[Bug]: blend_models() and stack_models() Fail with Certain Models Above 1000 Samples
Description:
This issue appears to be related to a problem with PyCaret's blend_models() and stack_models() functions when using certain models and exceeding 1000 samples. The error occurs during the finalization stage of model creation, resulting in a "ValueError: cannot set WRITEABLE flag to True of this array" error. This issue does not appear to be related to memory limitations, as testing on systems with 8-24 cores and 32-128 GB of RAM did not solve the problem.
Reproducible Code:
I've included a reproducible example below.
Affected Models:
The following models cause the error when included in blend_models() or stack_models():
lda, ridge, ada, dt, gbc, nb, et, rf, qda
All other models tested (including svm, lr, xgboost, lightgbm, knn, catboost, and dummy) work without issue when combined. Furthermore, blending or stacking using a single dt model also causes the error. This indicates the issue is likely related to how PyCaret handles models like these during the finalization step.
Observations:
Finalization Error: The error appears when PyCaret is "Finalizing Model" during the blending or stacking process.
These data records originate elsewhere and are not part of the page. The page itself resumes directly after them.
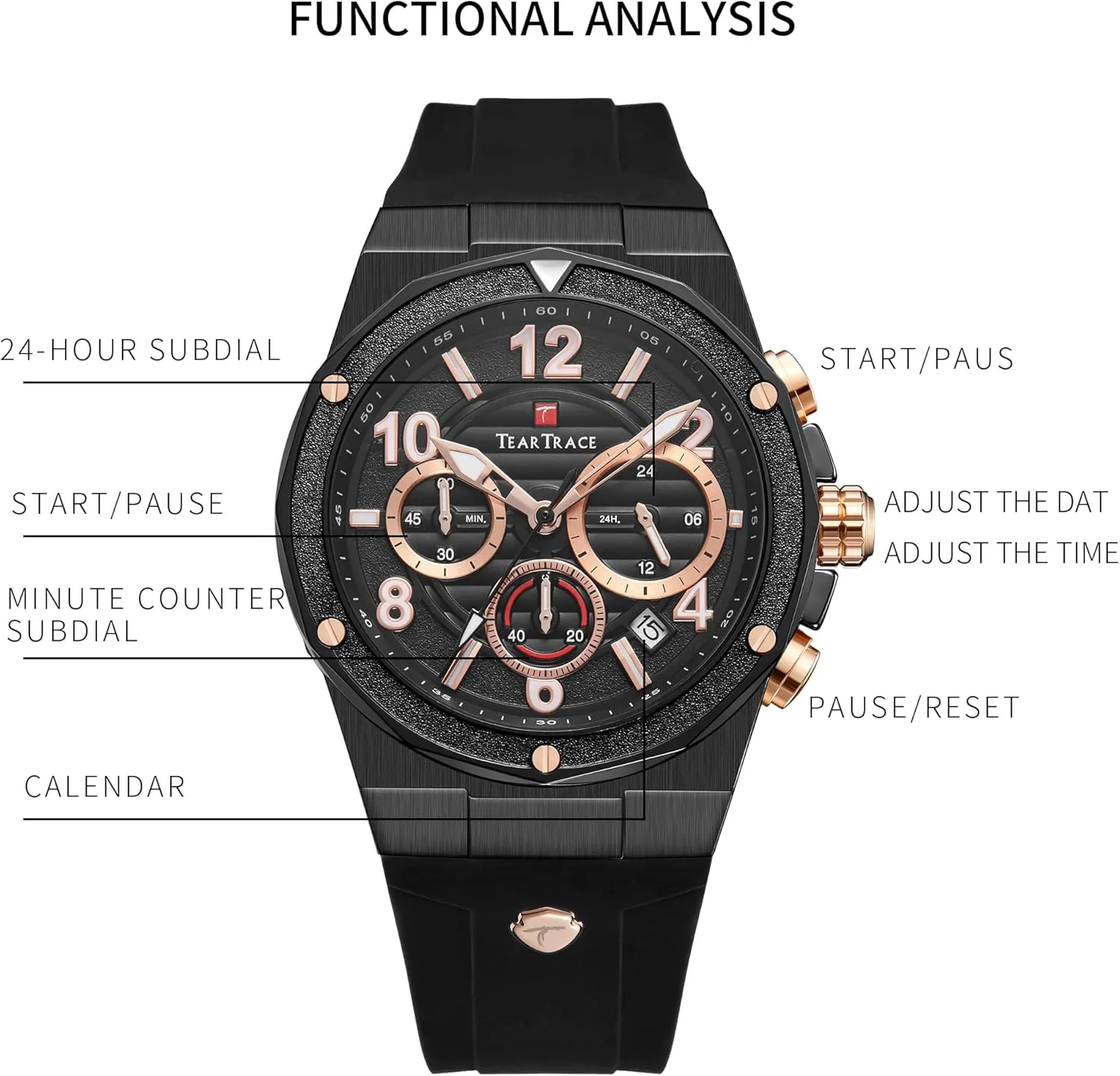 sloth planetary multistory colonization conciliate Waterproof Quartz Sport Wrist Watches Multifunctional with Silicone Strap Casual Work Mens Watches Watches for Men Luxury Chronograph 3ATM 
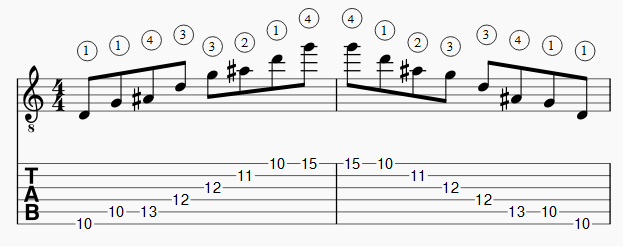 Arpege de Sol mineur position 2 verticale apprendre la guitare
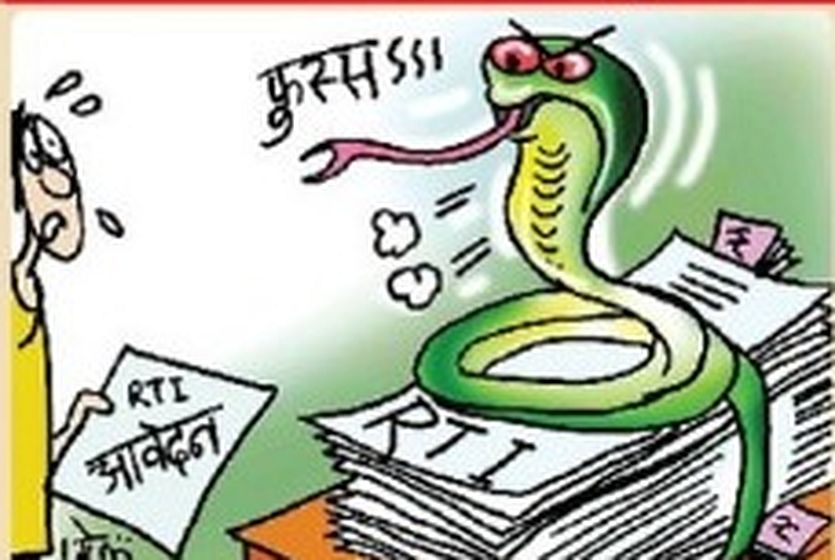 दस साल में दो करोड़ रुपए खर्च, परिवादों का निस्तारण 1% भी नहीं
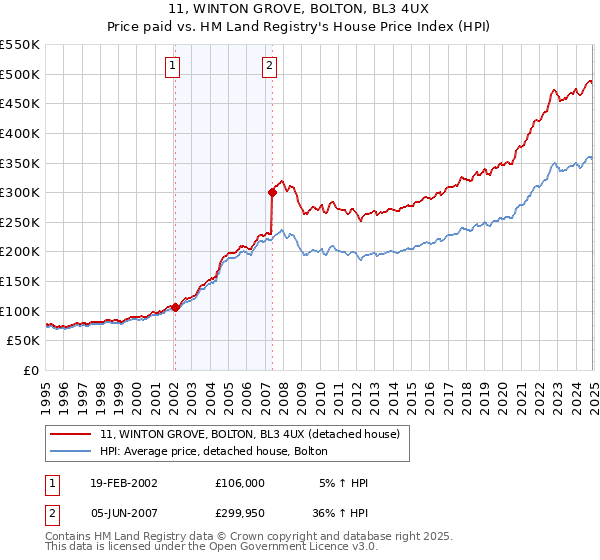 11, WINTON GROVE, BOLTON, BL3 4UX: Price paid vs HM Land Registry's House Price Index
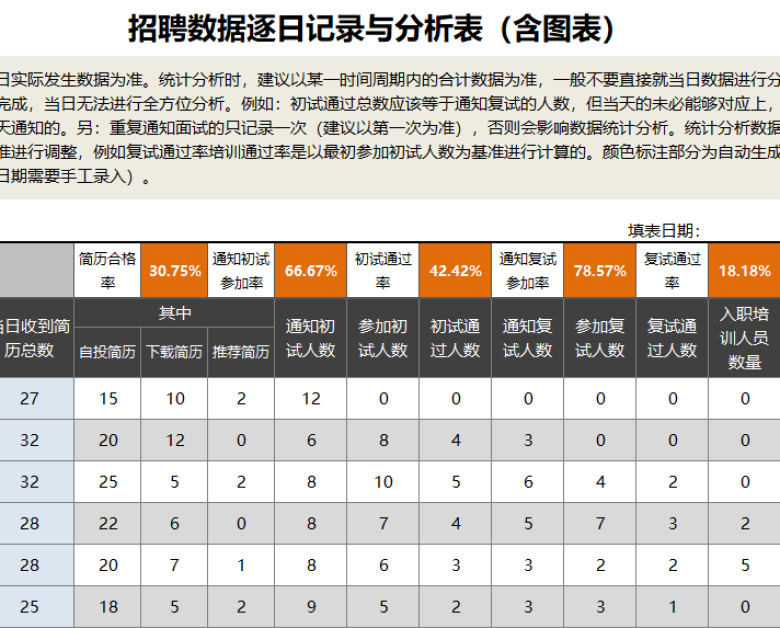 招聘数据逐日记录与分析表（含图表）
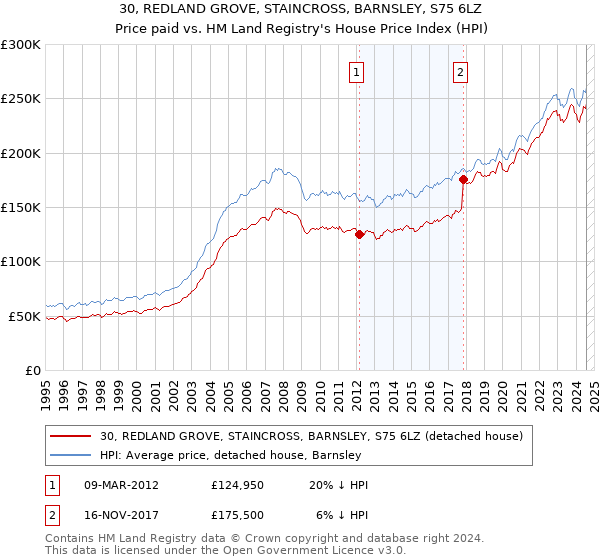 30, REDLAND GROVE, STAINCROSS, BARNSLEY, S75 6LZ: Price paid vs HM Land Registry's House Price Index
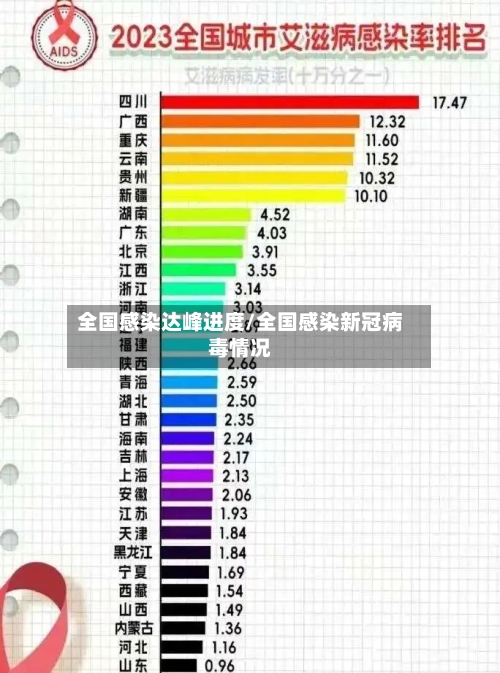全国感染达峰进度/全国感染新冠病毒情况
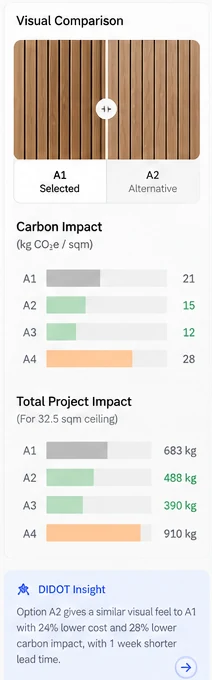Carbon impact in kgCO2e per square metre and total project impact for four alternatives.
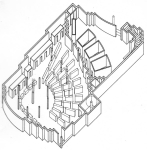 Axonometry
Manual Ensemble Success: Manually creating and fitting ensembles (using VotingClassifier and StackingClassifier) does not produce this error.
Dataset Size: The error only occurs when the dataset size exceeds 1000 rows.
Memory Profiler: Memory profiling (using memory_profiler) indicates that the memory usage remains below 400 MB, for both 500 and 750 samples with on a 4-5 MB increase, suggesting that the problem is not memory-related.
Versions: The issue persists across PyCaret versions (including master branch) and scikit-learn versions 1.4.1 and above.
Data Writability: The DataFrame is writable at all stages, before and after setup, model creation, and even after the error occurs.
This issue appears to be a bug in PyCaret's blend_models() and stack_models() functions. Any assistance in resolving this would be greatly appreciated.
Additional Context:
The error occurs even with a dataset of just 1000 rows, which is relatively small.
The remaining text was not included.